[[ Data below, beginning ]]
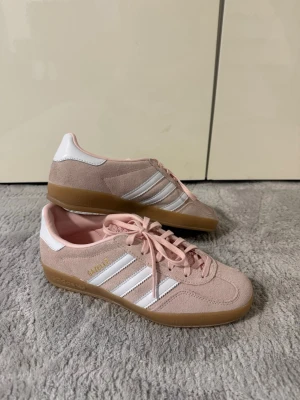 Adidas Gazelle rosa sneakers - Snygga Adidas Gazelle sneakers i ljusrosa mocka med vita detaljer och klassiska tre ränder på sidorna. Skorna har vit hälkappa, rosa skosnören och en gummisula i brunt.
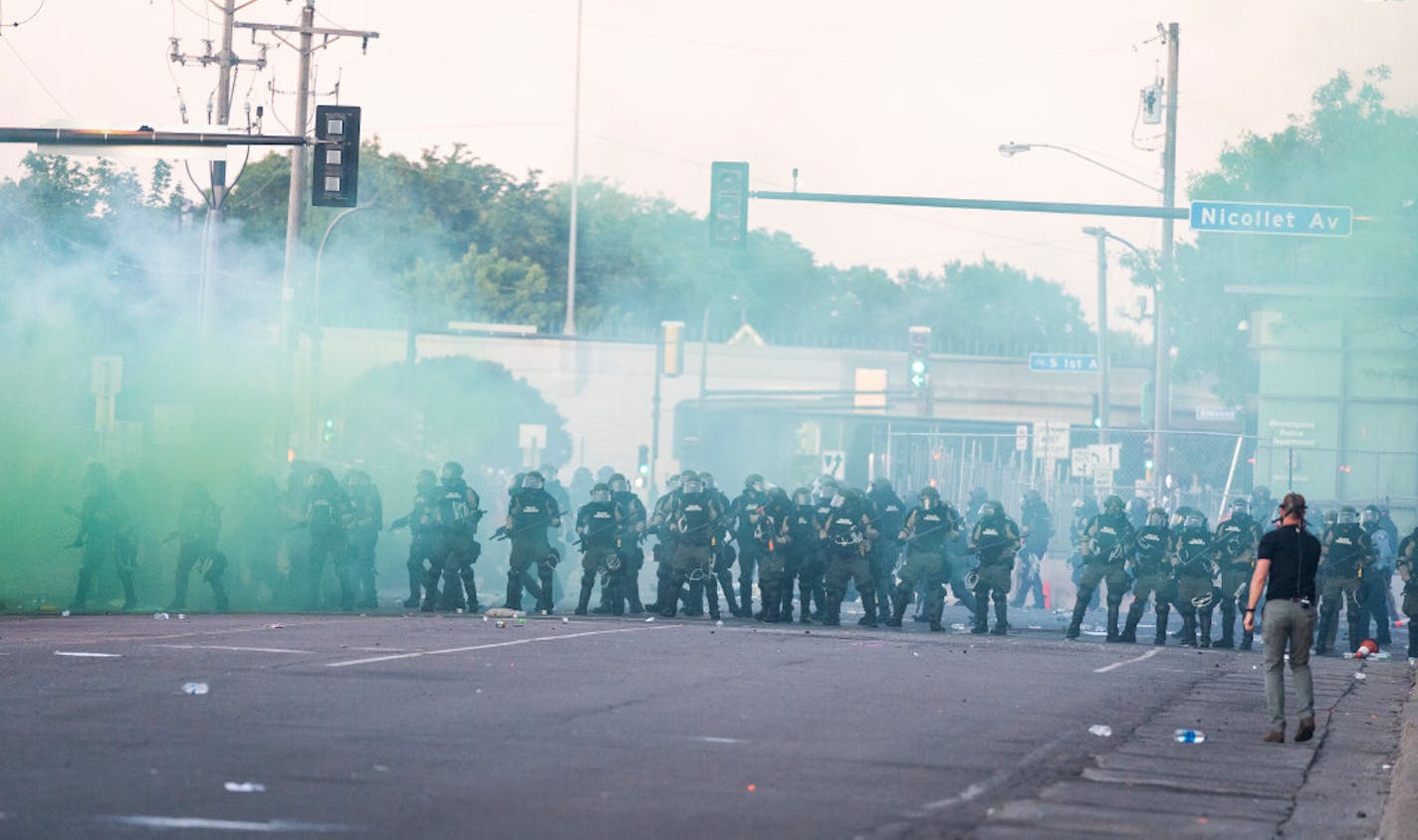 A police presence using tear gas moved in near the Fifth Precinct police station on Saturday night in Minneapolis.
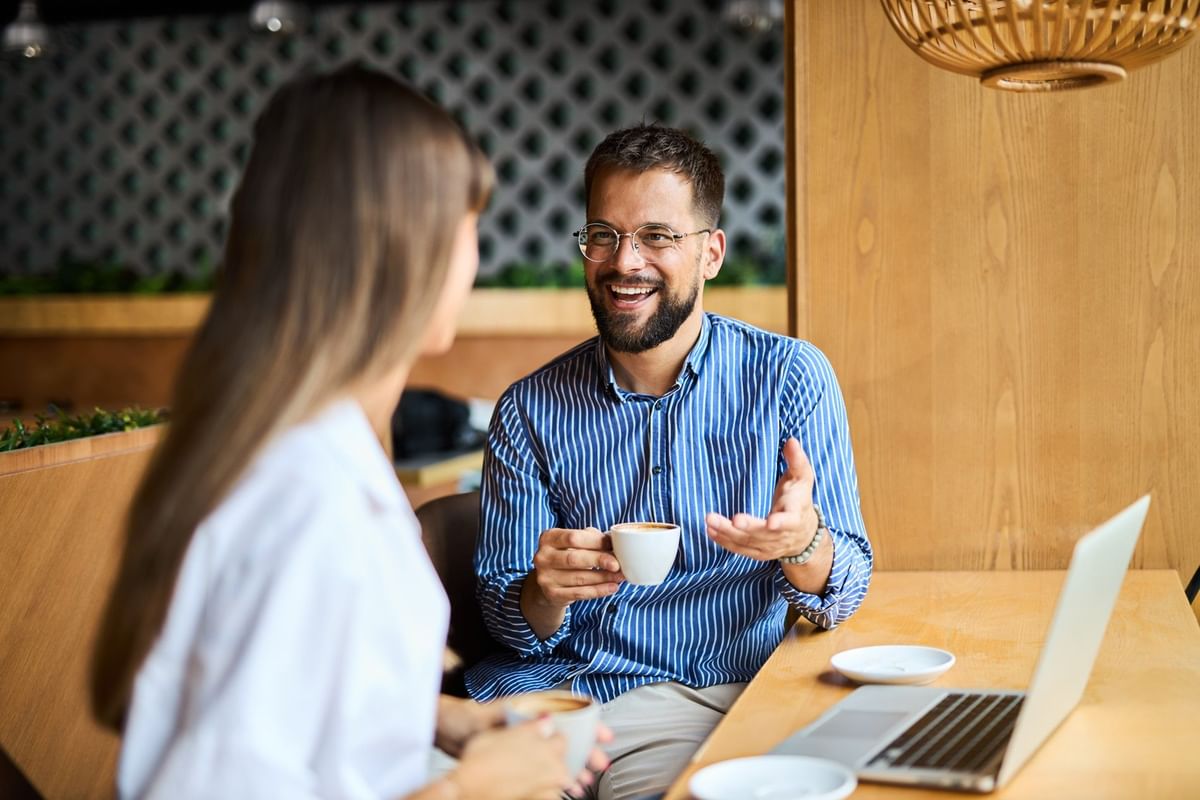 Un hombre alegre con gafas sonríe sosteniendo una taza de café en una reunión en Fiesta Inn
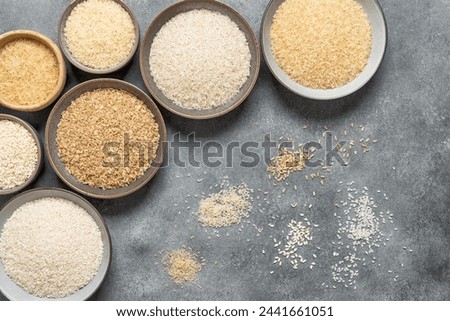 Different varieties of uncooked rice in bowls on a gray background, corner frame. Top view, flat lay, copy space.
[[ Data below, end ]]
All of the listing above has to be reproduced exactly, though without its images.

 Adidas Gazelle rosa sneakers - Snygga Adidas Gazelle sneakers i ljusrosa mocka med vita detaljer och klassiska tre ränder på sidorna. Skorna har vit hälkappa, rosa skosnören och en gummisula i brunt.
 A police presence using tear gas moved in near the Fifth Precinct police station on Saturday night in Minneapolis.
 Un hombre alegre con gafas sonríe sosteniendo una taza de café en una reunión en Fiesta Inn
 Different varieties of uncooked rice in bowls on a gray background, corner frame. Top view, flat lay, copy space.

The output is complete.